Enzyme substrate complex
Enzyme Substrate Complex example, a diet that’s low in iron—typical among teenage girls—may result in anemia, which causes paleness and a tired feeling. A teenage athlete who cuts back on calories to trim down may not have enough energy for peak performance. And eating more calories than you use often shows up as extra pounds of body fat.

Active site


Regulation of enzyme activity
Regulation of Enzyme Activity example, a diet that’s low in iron—typical among teenage girls—may result in anemia, which causes paleness and a tired feeling. A teenage athlete who cuts back on calories to trim down may not have enough energy for peak performance. And eating more calories than you use often shows up as extra pounds of body fat.

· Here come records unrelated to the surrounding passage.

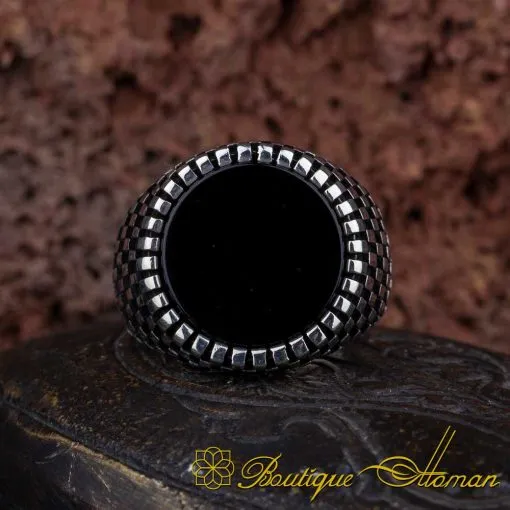 Alternative view of Round Black Aqeeq Grid Pattern Silver Ring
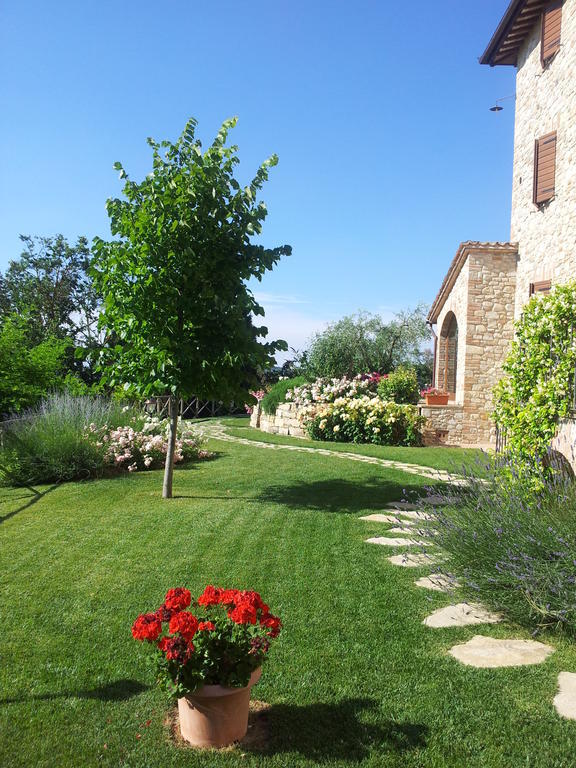 Agriturismo La Torraccia Todi Zewnętrze zdjęcie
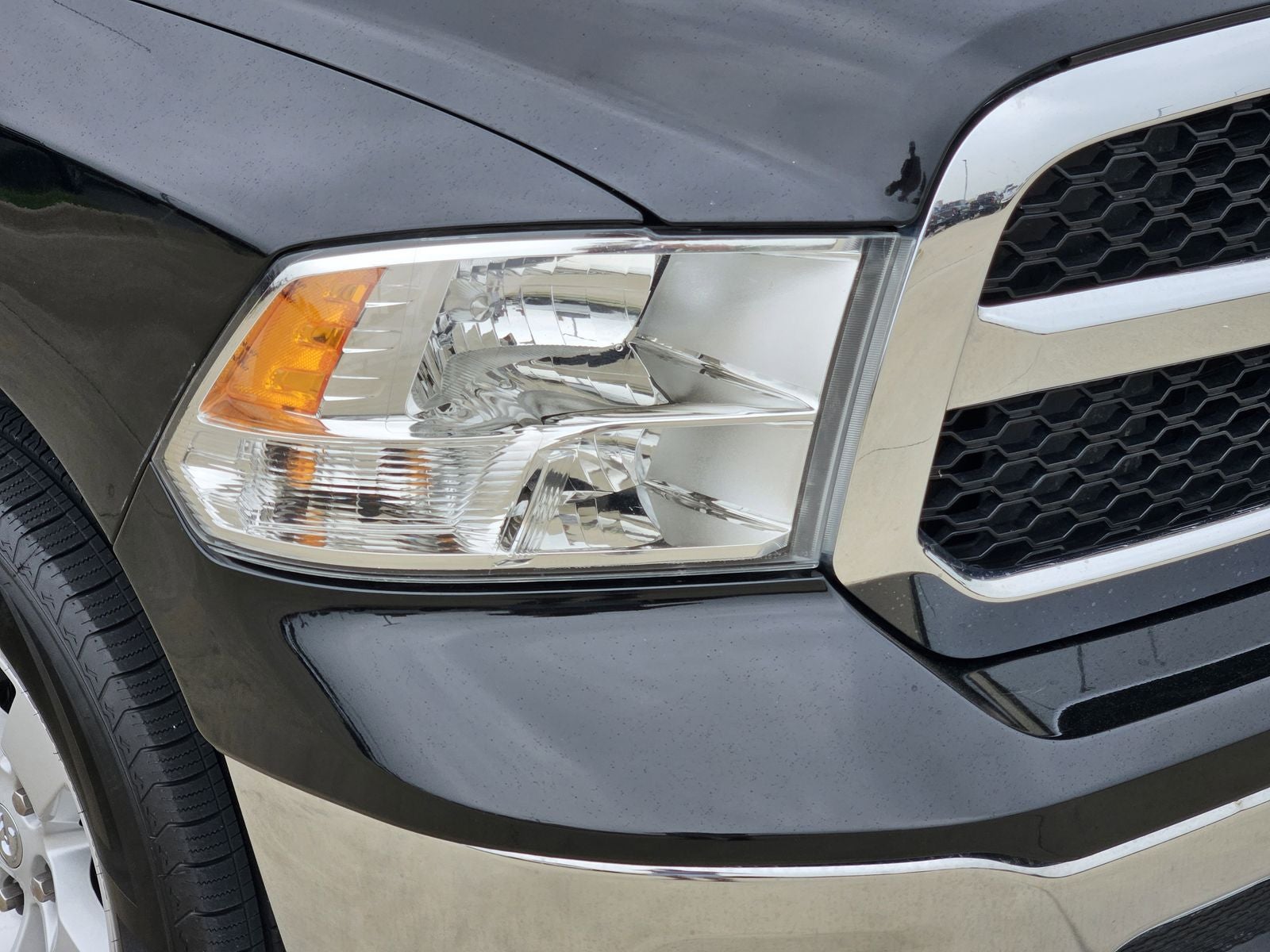 2023 RAM 1500 Classic SLT Crew Cab 4x4 5'7' Box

  • Enzymes can be affected by any variable that influences a chemical reaction such as:

    • pH

    • Temperature

    • Cells contain proteins that help to turn key enzymes “on” or “off”


Animations to help explain
Animations to help explain: example, a diet that’s low in iron—typical among teenage girls—may result in anemia, which causes paleness and a tired feeling. A teenage athlete who cuts back on calories to trim down may not have enough energy for peak performance. And eating more calories than you use often shows up as extra pounds of body fat.